- Theatrical release poster
- Directed by: R. Nagaraj Peenya
- Written by: Malavalli Saikrishna (dialogues)
- Screenplay by: R. Nagaraj Peenya
- Story by: R. Nagaraj Peenya
- Produced by: Vijay Anand Kumar
- Starring: Krishna Mahesh Rapid Rashmi
- Cinematography: Nanda Kumar
- Edited by: Suresh D. H.
- Music by: Satheesh Aaryan
- Production company: Nihal Movies
- Release date: 11 September 2015;
- Country: India
- Language: Kannada

= Namak Haraam (2015 film) =

Namak Haraam is a 2015 Indian Kannada-language action drama film directed by R. Nagaraj Peenya and starring Krishna Mahesh and Rapid Rashmi.

== Production ==
The film, which marked the debut Ganesh's brother Mahesh, began production in the first half of 2014 with the muhurat taking place without disclosing who the heroine is. RJ Rapid Rashmi of Big FM, who was speculated to play the heroine, was confirmed by the makers to be a part of the film. Mahesh was supposed to make his debut with Boundary (2013), but the film never released despite almost the shooting was almost finished. The director and producer of Padhe Padhe (2013) collaborated again for this film. To prepare for the role, Mahesh watched Om (1995), Kariya (2003) and Jogi (2005). The film was shot in fifty days.

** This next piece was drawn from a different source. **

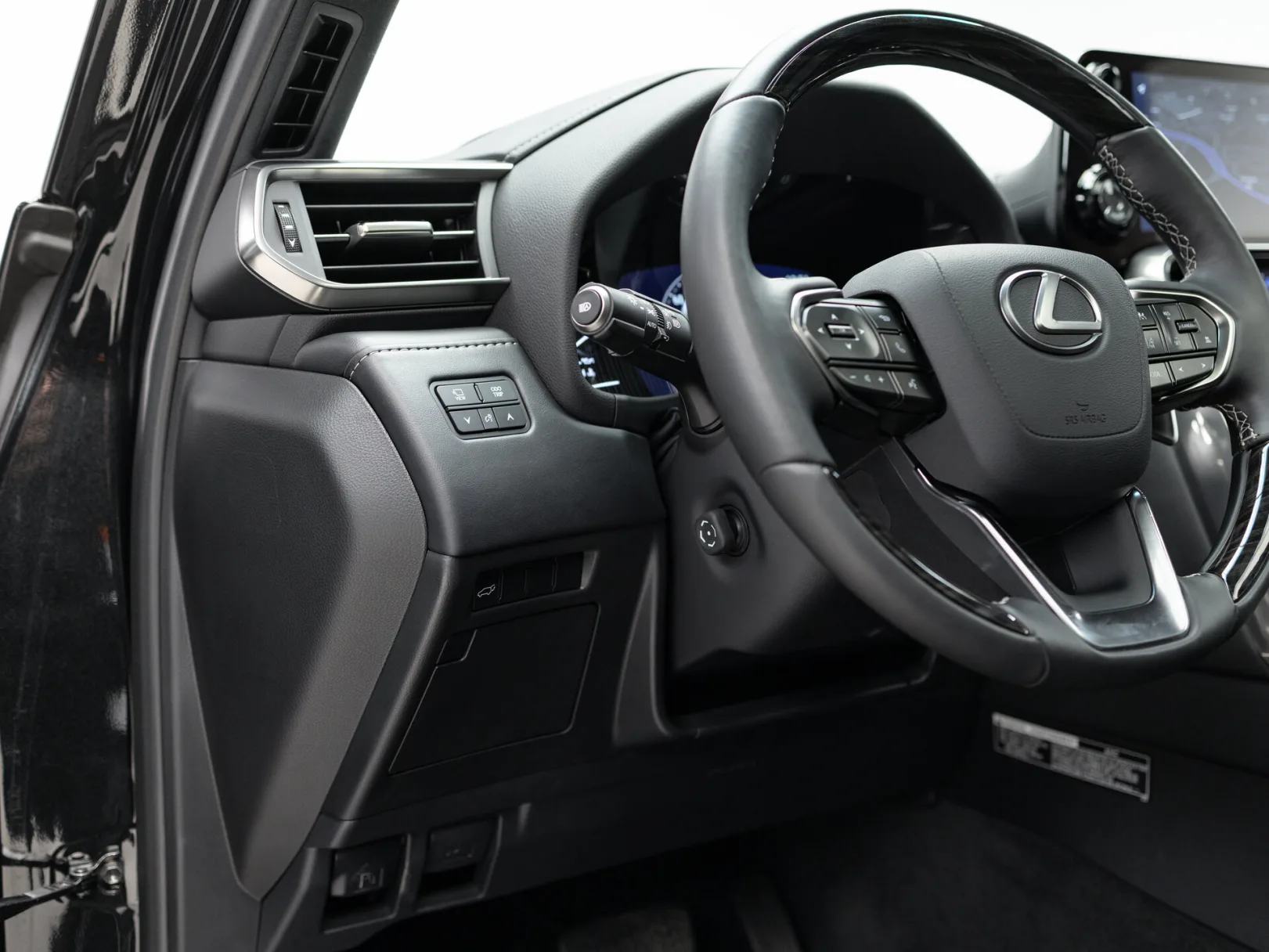 Lexus LX VIP IV, 2024 — экстерьер, фото 15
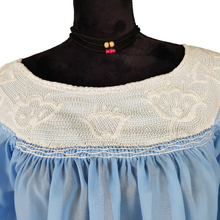 Cargar imagen en el visor de la galería, Blusa Aguacatenango con bordado de nudito, hecha en Chiapas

Mahesh was credited as Krishna Mahesh for the film. The film finished shooting and was ready for release in December 2014.

== Soundtrack ==

The music was composed by Satheesh Aaryan. The audio launch took place in Bangalore.

Track listing
| No. | Title | Lyrics | Singer(s) | Length |
|---|---|---|---|---|
| 1. | "Manaseko Hegigaa" | Gurunath Bhoragi | Sonu Nigam, Shreya Ghoshal | 3:51 |
| 2. | "Benda Kaalurina Pantaru" | R. Nagarah Peenya | Rushi Kumara Swamiji, Malavalli Saikrishna | 4:29 |
| 3. | "Nannodige Neenu" | Vigneshwara Vishwa | Avinash Chebbi | 4:10 |
| 4. | "Laangu Machchugala" | Santhu | Fayaz Khan | 4:10 |
| 5. | "Hudugirgu Hudugarigu" | Suni, Nagesh Prasanna | Divya Ramachandra | 3:36 |
| Total length: |  |  |  | 20:16 |

== Release and reception ==
The film was released on 11 September 2015 alongside Kendasampige, Geetha Bangle Store, 141 - I Love You and Billa.

A critic from Chitratara rated the film 3 1/2 out of 5 and wrote that "In Namak Haram we see such flying and slashing ‘long’ but sensibilities of Padhe Padhe director Nagaraj Peenya is not missing. He has not given anything beyond the boundary. He has attempted at a mass entertainer".